Records for the task:
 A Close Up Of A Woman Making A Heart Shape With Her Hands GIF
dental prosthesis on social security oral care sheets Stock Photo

...

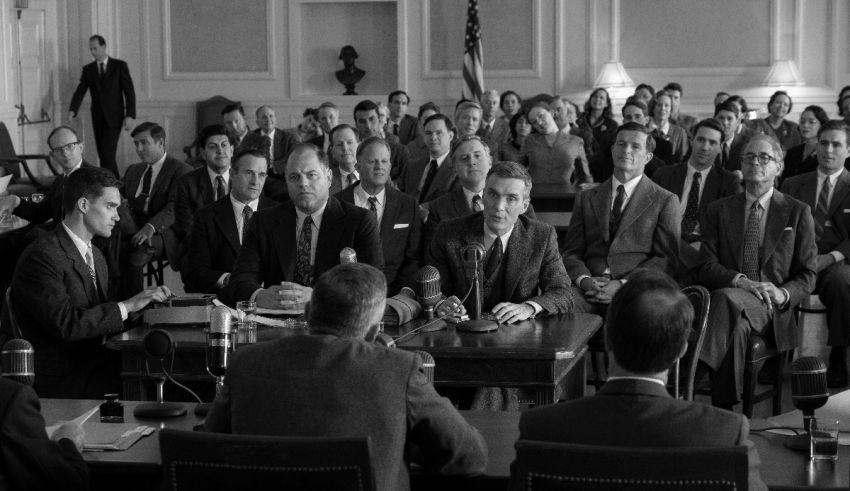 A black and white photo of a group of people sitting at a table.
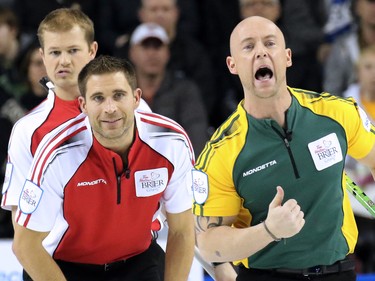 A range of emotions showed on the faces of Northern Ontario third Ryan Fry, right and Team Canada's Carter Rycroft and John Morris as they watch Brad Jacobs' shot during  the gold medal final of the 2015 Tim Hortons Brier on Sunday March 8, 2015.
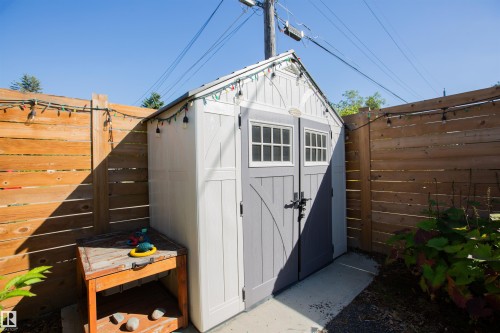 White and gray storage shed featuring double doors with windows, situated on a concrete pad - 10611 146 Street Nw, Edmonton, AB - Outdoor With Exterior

==

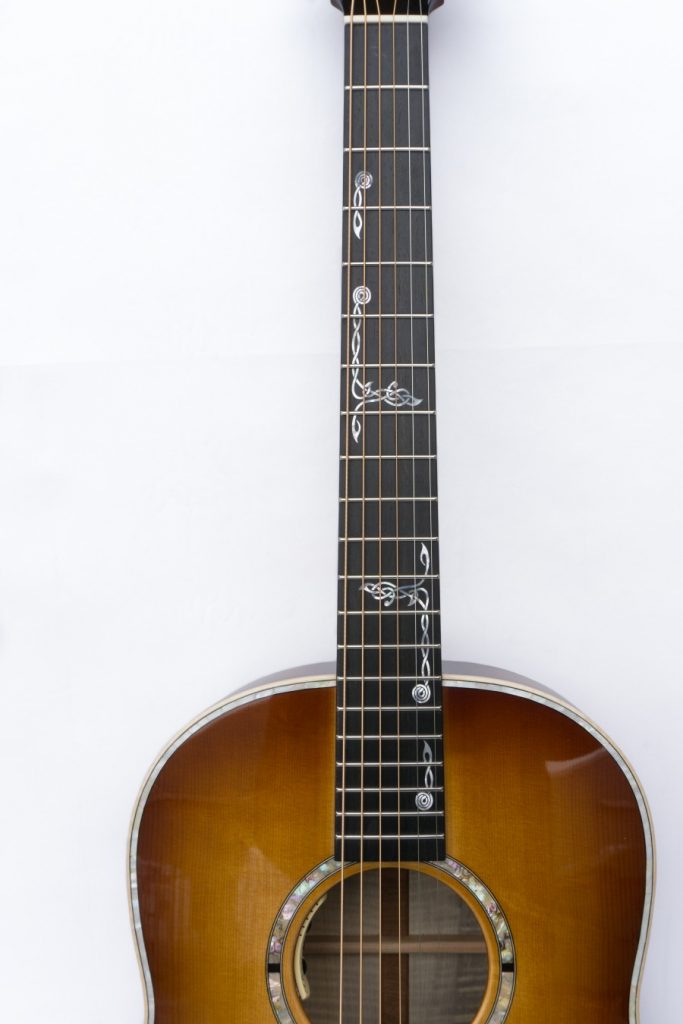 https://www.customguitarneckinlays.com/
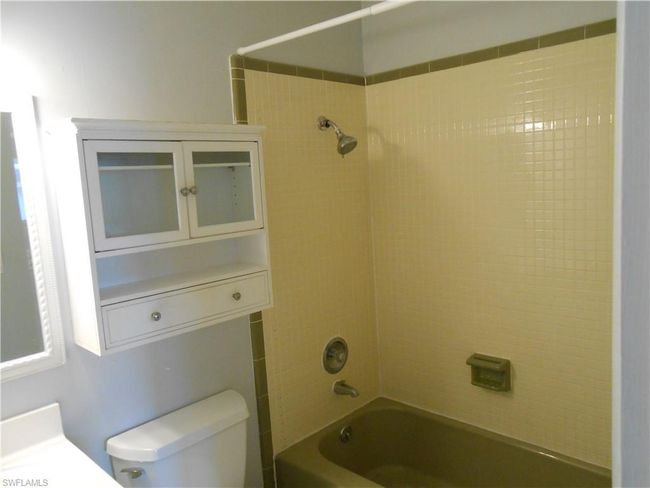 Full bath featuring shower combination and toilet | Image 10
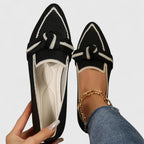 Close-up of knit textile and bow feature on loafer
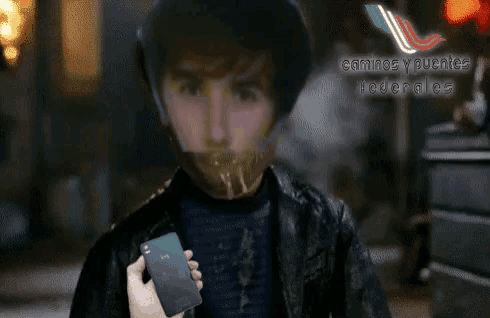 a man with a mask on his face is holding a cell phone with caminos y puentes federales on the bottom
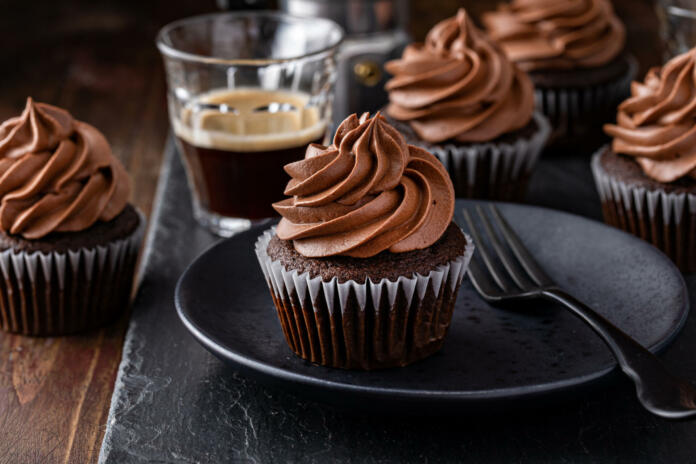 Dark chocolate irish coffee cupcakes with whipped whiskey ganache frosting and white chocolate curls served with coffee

About this exercise:
Beginning at the line that has "a man with a" and ending at the line that has "Dark chocolate irish", restate the listing above word for word, pictures left out.

The answer:
 a man with a mask on his face is holding a cell phone with caminos y puentes federales on the bottom
 Dark chocolate irish coffee cupcakes with whipped whiskey ganache frosting and white chocolate curls served with coffee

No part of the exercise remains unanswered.